However, we continue to believe that the long-term prospects for energy plant construction are extremely favorable. Major advances in horizontal drilling and the practice of hydraulic fracturing have led to a boom in natural gas supply, driving prices to historic lows. The EPA has demonstrated recent restraint in the amount of regulation contained in its first federal fracking rules. It also appears that the current presidential administration is evolving in its support for increased natural gas exploration and production. The abundant availability of cheap less-carbon intense natural gas represents a significant factor in the economic assessment of the future for coal-fired power plants. In April 2012, for the first time since the U.S. Energy Information Agency began compiling monthly statistics, natural gas and coal had the same share (approximately 32%) of the country's net power generation. In addition, we expect that continuing concerns about the safety, high cost and the construction cost overrun risk of nuclear power plants eventually will spur the development of renewable and cleaner gas-fired power generation facilities which should result in new power facility construction opportunities for us in the future. The demand for electrical power in this country is expected to recover and grow steadily over the long term. This demand, and the expected retirement of old coal, nuclear and oil powered energy plants, should result in gas-fired and renewable energy plants, like wind and biomass, representing the substantial majority of new power generation additions in the future and an increased share of the power generation mix.

During this difficult time for our industry, we are focused on the effective and efficient completion of our current construction projects and the control of costs, which we expect to result in higher net revenues and favorable profit results for our fiscal year ending January 31, 2013 compared with the results for the year ended January 31, 2012. Despite the intensely competitive business environment, we are committed to the rational pursuit of new construction projects.
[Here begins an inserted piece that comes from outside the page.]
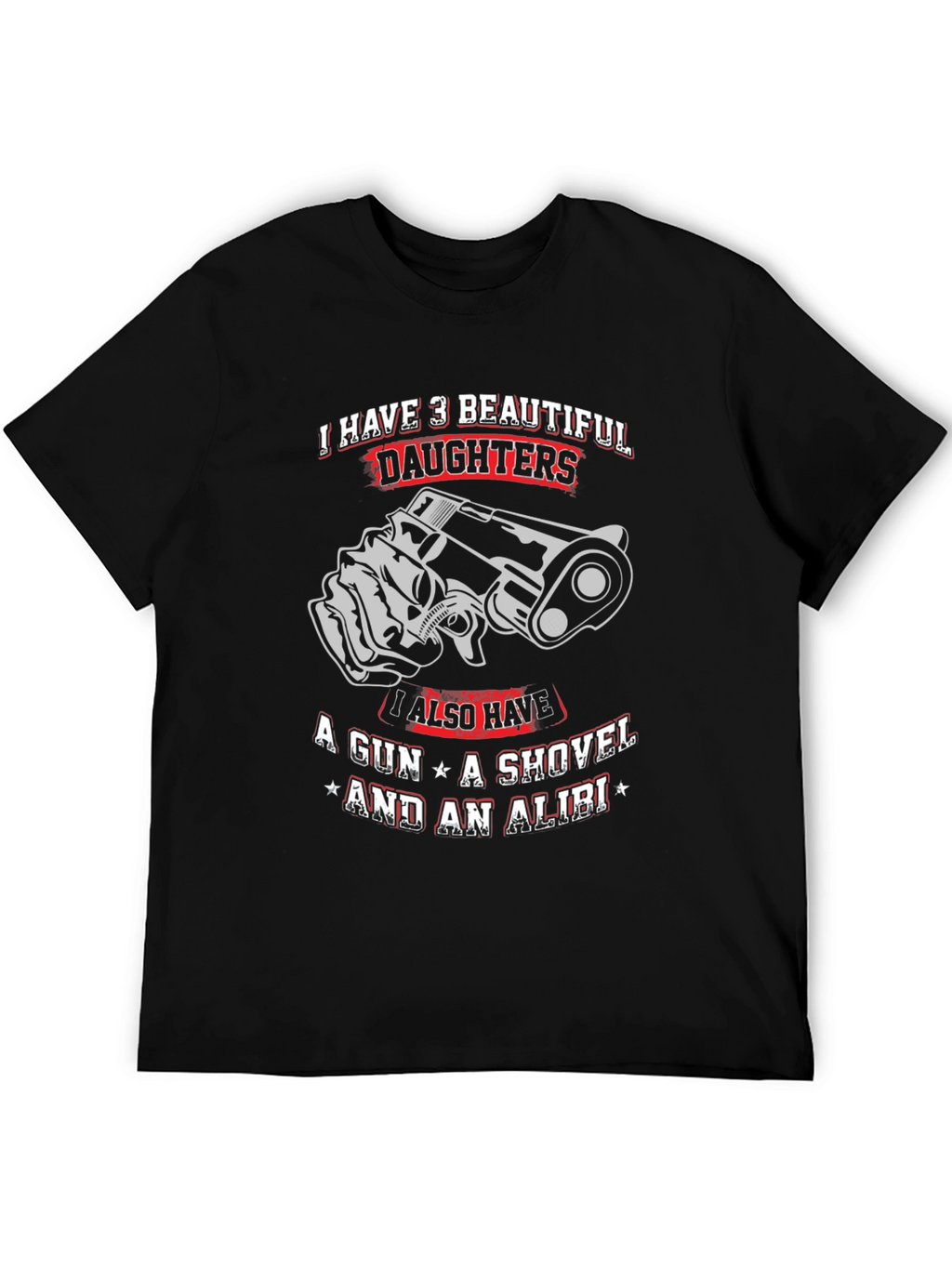 3 Daughters Gun Shovel Alibi Graphic Tee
This approach may result in a lower volume of new business bookings until the demand for new power generation facilities and the other construction industry sectors recover fully. We will strive to conserve cash and to maintain an overall strong balance sheet. However, we are seeing new business opportunities that include an opportunity to make an investment in the ownership of a new project, at least during the development phase of the project, in order to improve the probability of an EPC contract award (see additional discussion below). Because we believe in the strength of our balance sheet, we are willing to consider the opportunities that include reasonable and manageable risks.

Although the uncertain economic conditions do impair our forecasting visibility to an unusual degree, we remain cautiously optimistic about our long-term growth opportunities. We are focused on expanding our position in the growing power markets where we expect investments to be made based on forecasts of increasing electricity demand covering decades into the future. We believe that our expectations are reasonable and that our future plans are based on reasonable assumptions.

Moxie Energy Projects

As is common in our industry, general construction contractors execute certain contracts jointly with third parties through joint ventures, limited partnerships and limited liability companies for the purpose of executing a project or program for a project owner such as a government agency or a commercial enterprise. These teaming arrangements are generally dissolved upon completion of the project or program. In May 2012, Gemma Power, Inc. ("GPI," an affiliate of GPS that is wholly owned by us) agreed to the amendment and restatement of a development agreement with Moxie Energy, LLC ("Moxie") which was executed last year, and which has provided GPI with an opportunity to support the initial development of two power plant projects with loans and the option to provide additional development loans and/or equity investments to cover anticipated future costs.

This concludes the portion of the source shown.